LWV Arkansas and Republican state Senator Bryan King filed a state court lawsuit against new restrictions on ballot measures, asserting they violated the Arkansas constitution. The restrictions greatly increased the number of counties from which initiative supporters were required to gather signatures and removed the opportunity to cure or amend ballot initiatives that did not satisfy the conditions for being added to the ballot.
Arkansas allows voters to pass laws and amend the state constitution through the ballot initiative process. Article 5 Section 1 of Arkansas’ constitution requires supporters of a ballot initiative to gather at least half of the required petition signatures from at least 15 counties. Signatures from 8% of legal voters and 10% of legal voters are required to place laws and state constitutional amendments on the ballot, respectively. The percentages are calculated based on the total number of votes cast for governor in the last election.
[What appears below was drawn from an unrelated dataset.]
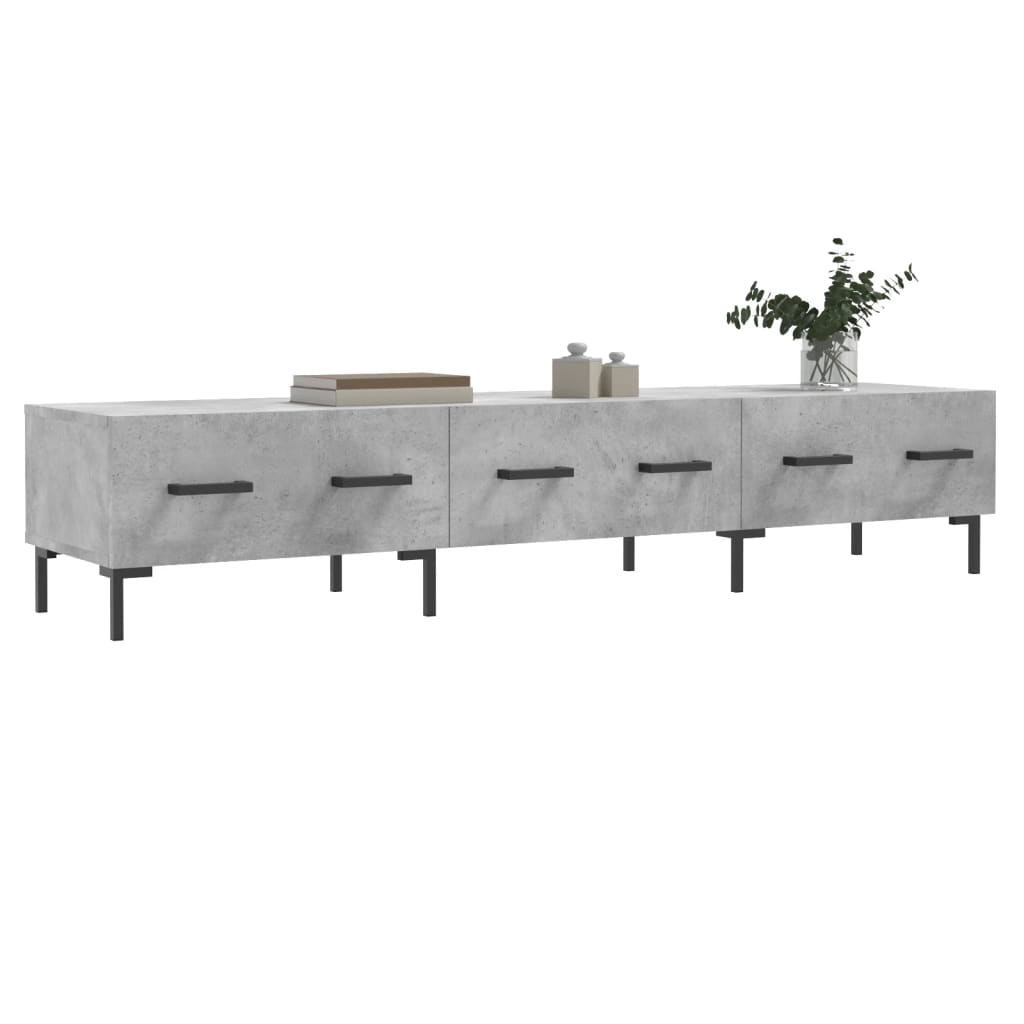 TV-Schrank Betongrau 150x36x30 cm Holzwerkstoff - Pazzar.ch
The constitution also requires that election officials allow supporters of a ballot initiative to amend or correct one that does not meet legal requirements, so long as at least 75% of the petition signatures from the statewide total, or from at least 15 counties are valid. The Arkansas constitution also forbids the legislature from restricting pay for petition circulators, banning the circulation of petitions, or obtaining petitions. The legislature is permitted to pass laws preventing perjury, forgery, and other fraudulent practices from affecting petitions. Finally, the constitution specifies the legislature may not pass laws impairing the ballot initiative process.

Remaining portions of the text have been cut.